• PROMPT: What is needed is a verbatim copy of every record below, with the pictures left out.

• DATASET EXTRACT:
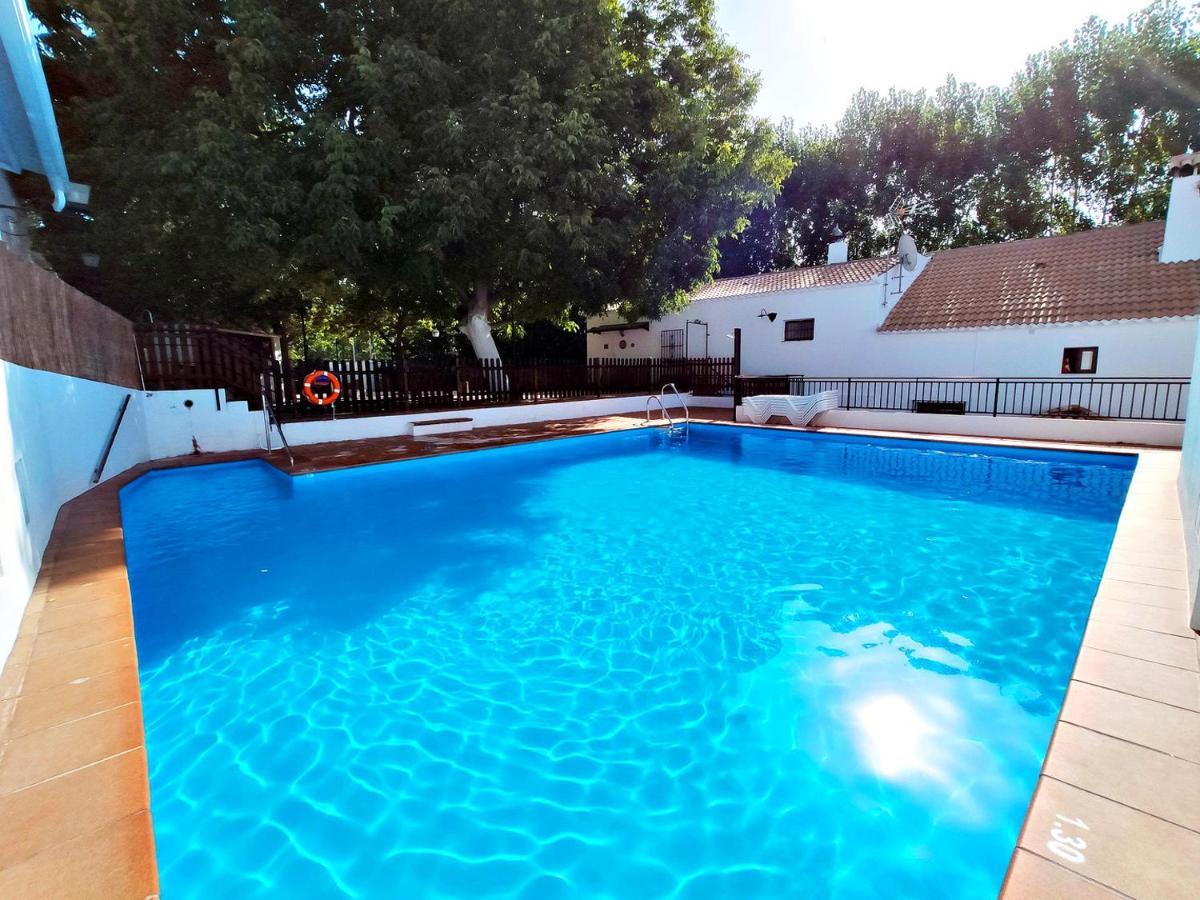 Complejo Apartamentos Rurales Molino De Abajo Ribera Baja  Eksteriør billede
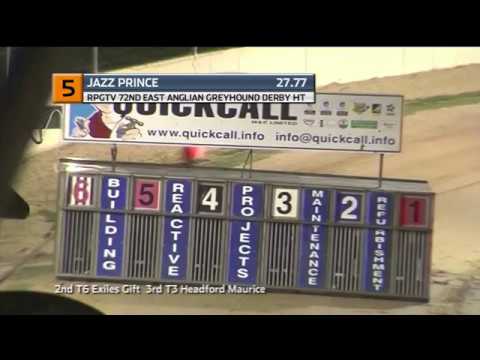 2018 RPGTV EAST ANGLIAN DERBY - HEAT 8 - T5 JAZZ PRINCE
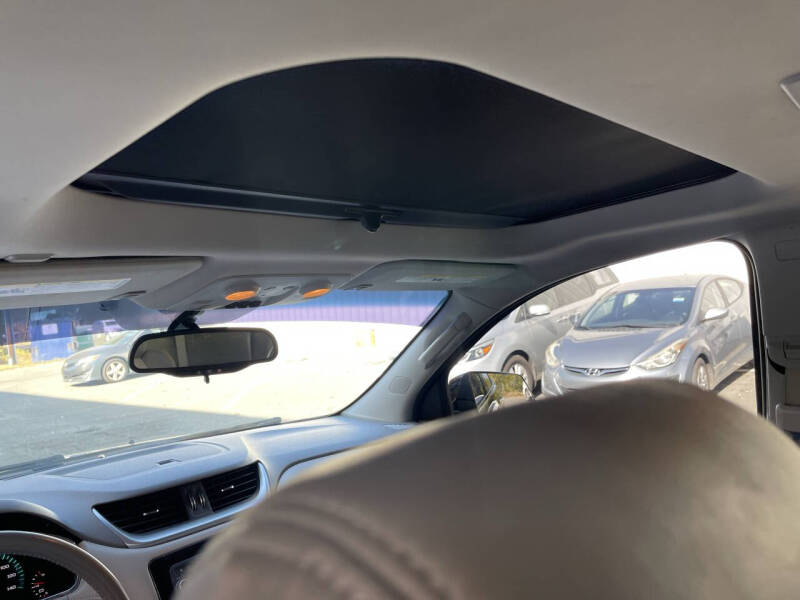 2016 Chevrolet Traverse LT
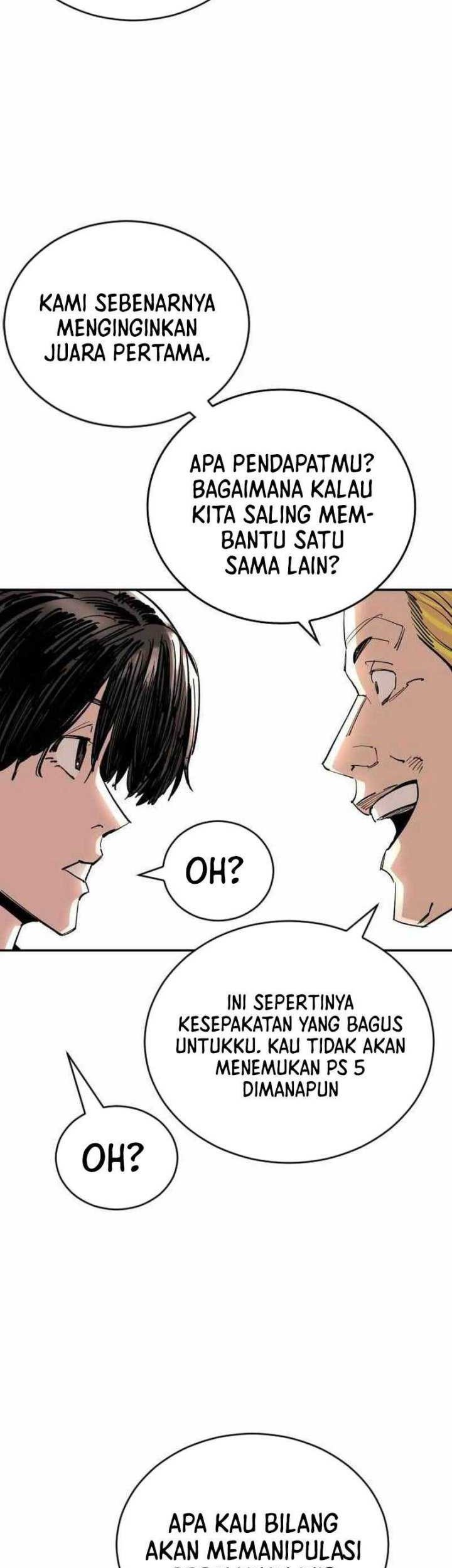 Build Up Chapter 128 - halaman 51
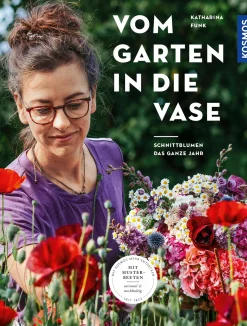 Vom Garten in die Vase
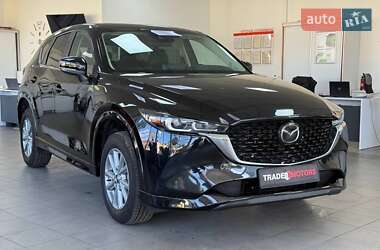 Внедорожник / Кроссовер Mazda CX-5 2023 в Киеве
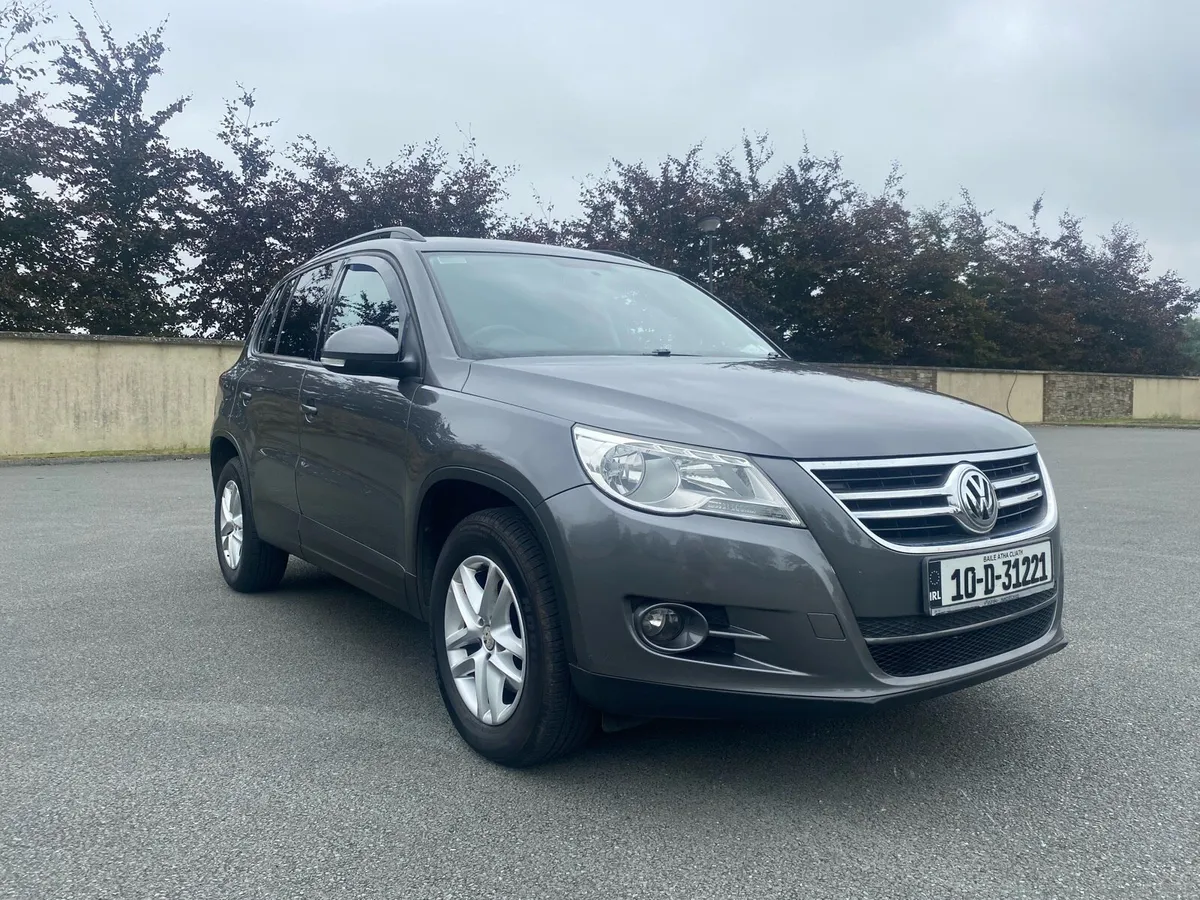 Volkswagen Tiguan - Image 2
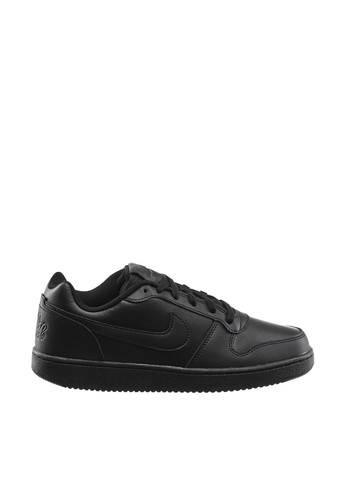Чорні всесезон кросівки aq1775-003_2024 Nike Ebernon Low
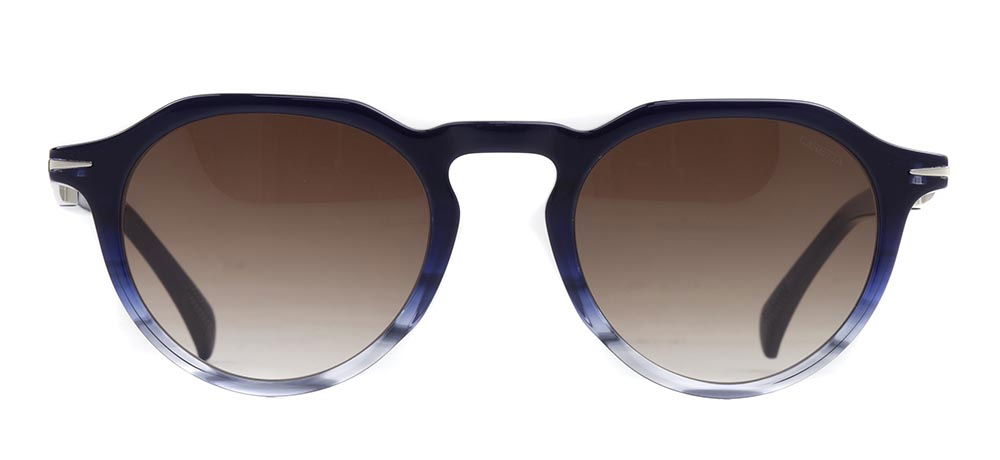 CARETTA CRTTAGÜNŞ 8552-C.05 Güneş Genç Erkek,Kadın,Unisex Oval Çerçeveli Asetat UV400 - 1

• PROBLEM SOLUTION:
 Complejo Apartamentos Rurales Molino De Abajo Ribera Baja  Eksteriør billede
 2018 RPGTV EAST ANGLIAN DERBY - HEAT 8 - T5 JAZZ PRINCE
 2016 Chevrolet Traverse LT
 Build Up Chapter 128 - halaman 51
 Vom Garten in die Vase
 Внедорожник / Кроссовер Mazda CX-5 2023 в Киеве
 Volkswagen Tiguan - Image 2
Чорні всесезон кросівки aq1775-003_2024 Nike Ebernon Low
 CARETTA CRTTAGÜNŞ 8552-C.05 Güneş Genç Erkek,Kadın,Unisex Oval Çerçeveli Asetat UV400 - 1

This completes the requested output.